● INFORMATION SUPPLIED
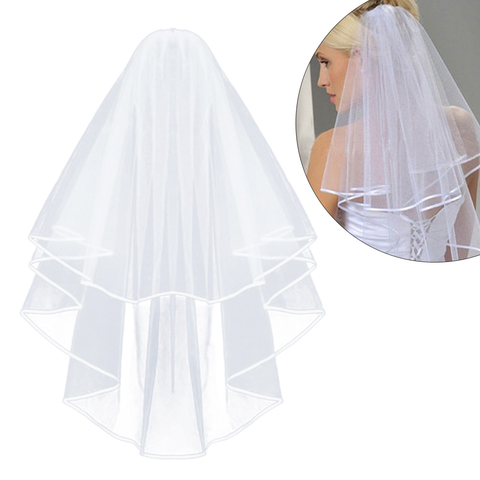 White Wedding Bridal Veil Tulle Bridal Veils with Comb Wedding Veils With Lace Ribbon Edge For Marriage Wedding Accessories ► Photo 1/6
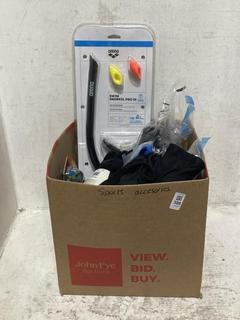 Lot 306  
            Chesterfield SR44 - Parcel Delivery Only 

                
BOX OF ASSORTED SPORTS ACCESSORIES TO INCLUDE ARENA SWIM SNORKEL PRO III SET (LOC...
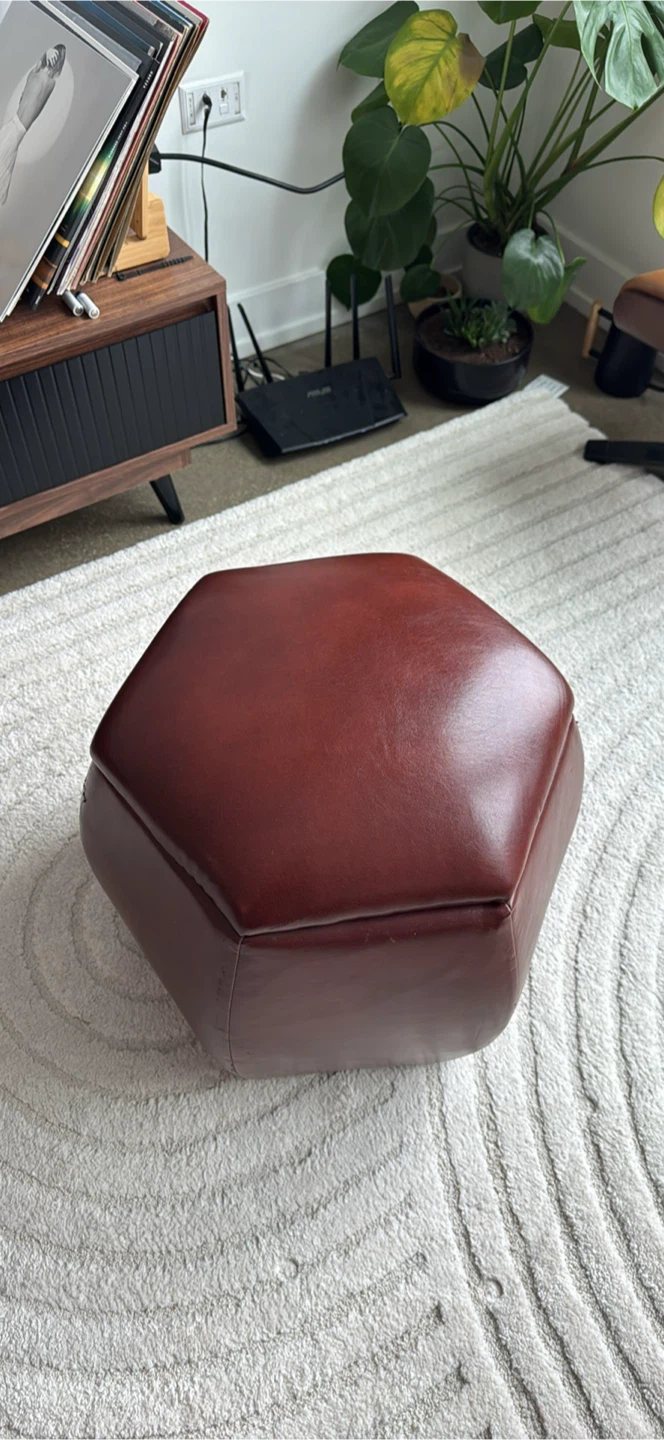 Hexagonal Storage Ottoman - Brown Faux Leather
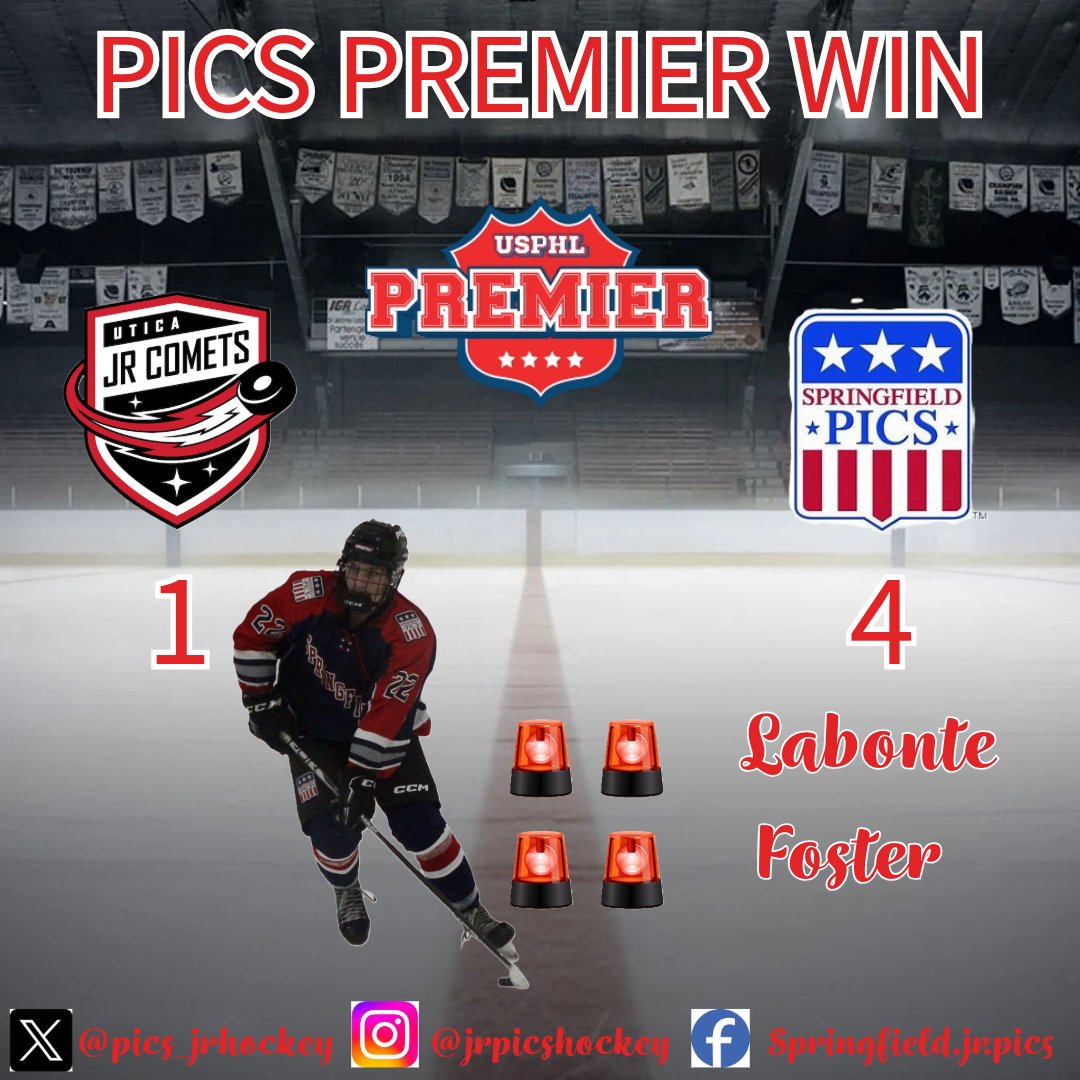 pics_jrhockey's tweet photo. PICS Premier pick up a big road WIN over Utica Jr Comets 4-1.  Labonte 🚨🚨and Foster 🚨🚨 getting it done with a little help from Adcock🍏🍏&amp; Hooper🍏while Huber picks up the "W" in 🥅. PICS improve to 6-0 and sit in 2nd place in the competitive New England Division of @USPHL https://t.co/na7hB9X0az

● TASK DIRECTIONS
What you return should be only the exact lines from the top of the entries through the line with "Hexagonal Storage Ottoman", minus the pictures.

● RESPONSE TO THIS TASK
 White Wedding Bridal Veil Tulle Bridal Veils with Comb Wedding Veils With Lace Ribbon Edge For Marriage Wedding Accessories ► Photo 1/6
 Lot 306  
            Chesterfield SR44 - Parcel Delivery Only 

                
BOX OF ASSORTED SPORTS ACCESSORIES TO INCLUDE ARENA SWIM SNORKEL PRO III SET (LOC...
 Hexagonal Storage Ottoman - Brown Faux Leather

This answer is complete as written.